◆ PROBLEM
Only the text belongs in the answer: every line of the records below, transcribed exactly.
--- DATA TO USE Enclosed Below ---
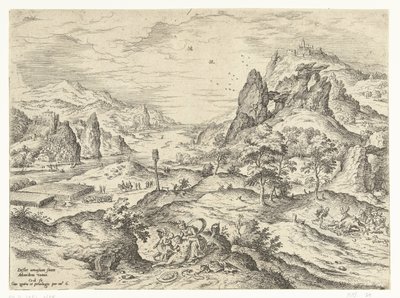 Venere piange la morte di Adone, Paesaggi con scene bibliche e mitologiche (titolo della serie) da Hieronymus Cock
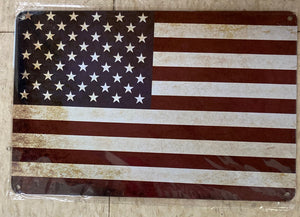 Distressed American flag metal sign, 8"x12".  MS114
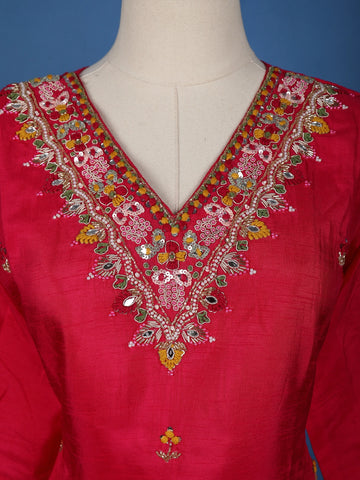 Pink Floral Designed Raw Silk Salwar Suit - Diadem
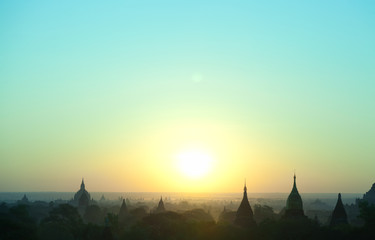 Bagan pagodas at sunrise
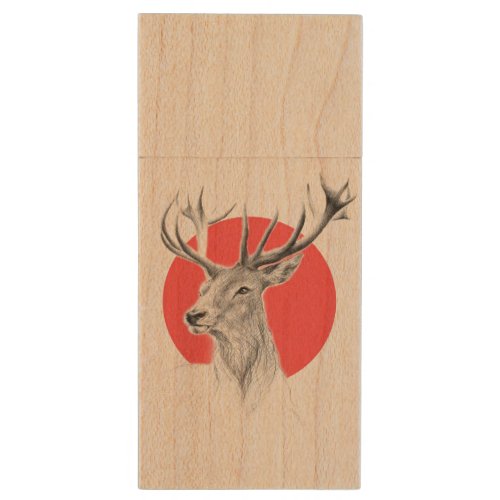 Deer portrait drawing Red circle Animal art Wood Flash Drive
--- End of Enclosed DATA TO USE ---
◆ REPLY
 Venere piange la morte di Adone, Paesaggi con scene bibliche e mitologiche (titolo della serie) da Hieronymus Cock
 Distressed American flag metal sign, 8"x12".  MS114
 Pink Floral Designed Raw Silk Salwar Suit - Diadem
 Bagan pagodas at sunrise
 Deer portrait drawing Red circle Animal art Wood Flash Drive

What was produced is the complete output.